My current research focuses on a range of related problems in Bayesian mixture model development for classification , variable selection, design and model selection, structured and hierarchical non-parametric Bayesian methods, rare event detection, and statistical computation involving simulation and optimization. Much of this is linked to problems involving large data sets, with originating motivations in the analysis of high throughput biological data in immunology and vaccine research.

Data sets of increasing scale and complexity pose challenges to standard statistical methods, and these are exemplified in areas where one goal is classification and discrimination of subpopulations. A key general question we have explored is to identify subsets of variables that play roles in discrimination of subpopulations in the context of multivariate mixture modeling. We introduced a new discriminative information measure utilizing the concordance between multivariate mixture component densities, and have developed and applied it to these general variable selection/design questions in flow cytometry applications (and others). The method is both effective and computationally attractive for routine use in assessing and prioritizing subsets of variables according to their roles in discriminating subpopulation structure.

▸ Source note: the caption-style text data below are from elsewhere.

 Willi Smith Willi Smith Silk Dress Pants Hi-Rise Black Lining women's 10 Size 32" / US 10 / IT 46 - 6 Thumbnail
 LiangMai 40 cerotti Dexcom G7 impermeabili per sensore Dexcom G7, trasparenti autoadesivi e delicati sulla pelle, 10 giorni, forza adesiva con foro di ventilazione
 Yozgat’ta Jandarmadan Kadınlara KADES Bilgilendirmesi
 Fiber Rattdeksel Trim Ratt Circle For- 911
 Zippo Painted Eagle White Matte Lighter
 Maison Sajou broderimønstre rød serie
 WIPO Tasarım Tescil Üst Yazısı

As the number of measured variables grows, there is an increasing need to consider structured, hierarchical models to enable sensitive inference on subpopulation structure. Moreover, as sample sizes increase we often face problems of masking of subtler substructure; model fitting can often lack the ability to identify “rare events” due to the dominance of much of the data. Our work has introduced novel, hierarchical nonparametric Bayesian mixture models that address both problems. The key idea is to first partition the outcome variables into a set of subsets, typically involving substantive contextual information. We then apply Bayesian nonparametric mixture models to the reduced-dimensional distribution of one selected subset of variables; this delivers classification/clustering in that marginal space. This naturally then induces partitions of the data based on the marginal classification, and a second level of mixture modeling applies—in parallel—to a second subset of variables within each of the partitioned data sets. This can be repeated, hierarchically defining an overall product-mixture model within which each modeling exercise is developed in lower dimensions and with smaller data subsets. These latter features enable more sensitive isolation of fine substructure and a focus on rare subpopulations, in particular.

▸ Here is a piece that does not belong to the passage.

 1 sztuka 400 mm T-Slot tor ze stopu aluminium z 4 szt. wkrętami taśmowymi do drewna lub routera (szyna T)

Data in high dimensions is often difficult to understand and visualize. Graphical models are frequently used to address these problems, taking advantage of the (conditional) independencies between subsets of variables based on their representations using a graph. Unlike previous graphical model approaches, we proposed here a new Bayesian mixture model using binary trees, constructed with the goal of modeling the data structure from each individual dimension. The dependencies among the dimensions are captured by the tree structure. Kingman's coalescent is utilized as a prior for the tree structure. An efficient MCMC algorithm is developed for posterior inference on model parameters and tree structures.

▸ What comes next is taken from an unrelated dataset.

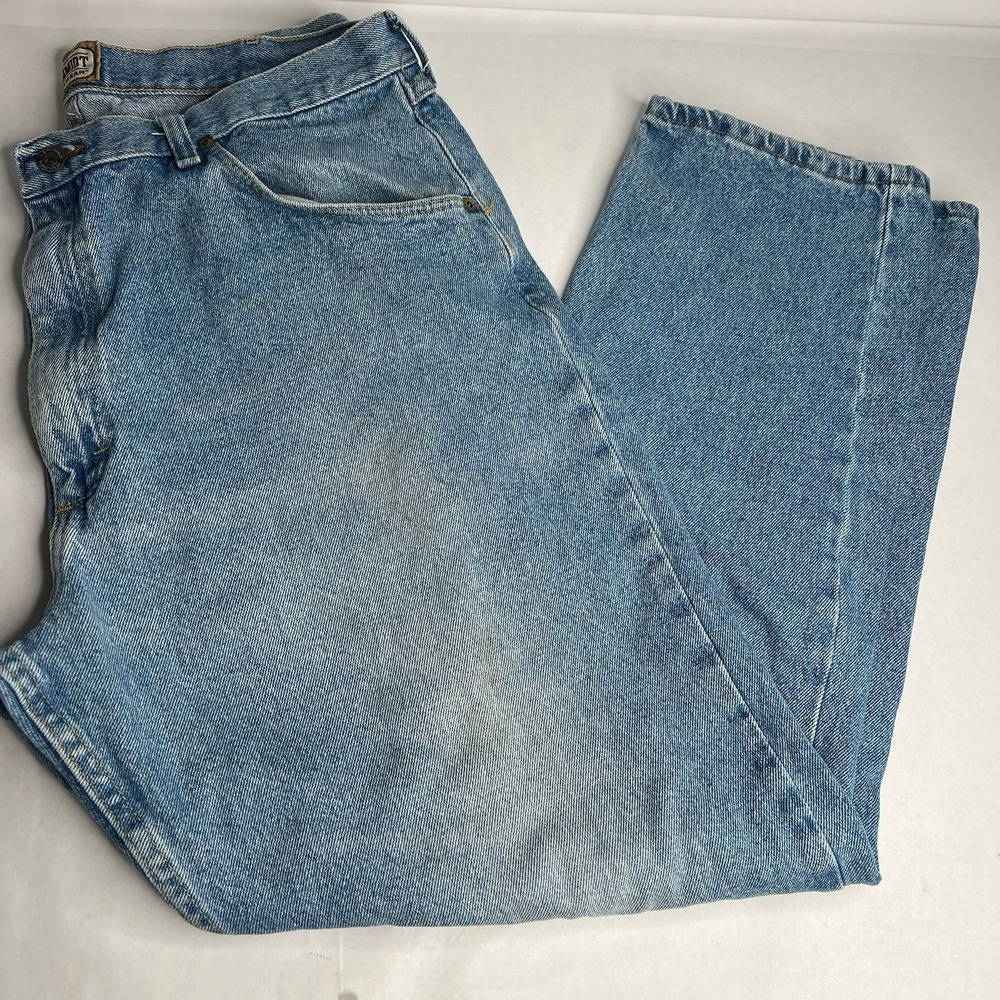 C.E. Schmidt Work Wear Denim Jeans Mens Size 38x32 Blue Pants Medium Wash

Cell populations in blood and tissue are not homogeneous; even clonotypes of individual cells can exist in different biochemical states that define measurable functional differences between them. This single-cell heterogeneity is informative, but lost in assays that measure cell mixtures. Our work has introduced a state-of-the-art Bayesian hierarchical method for multivariate modeling of single-cell assays that improves the detection of biologically relevant, and potentially small, changes across one or more cell subsets, which directly addresses major hurdles in the analysis of high-dimensional single-cell data. Our approach jointly model cell subsets, taking into account their dependence structure, and combine information across subjects to detect subject-specific treatment effects (e.g., response to vaccination), which significantly increase power and avoid multiple comparisons across subsets. Our model can automatically select differentially expressed cell subsets using a sparse variable selection prior. We also explore models that can combine the number of expressed cells with their level of expression to detect biological changes.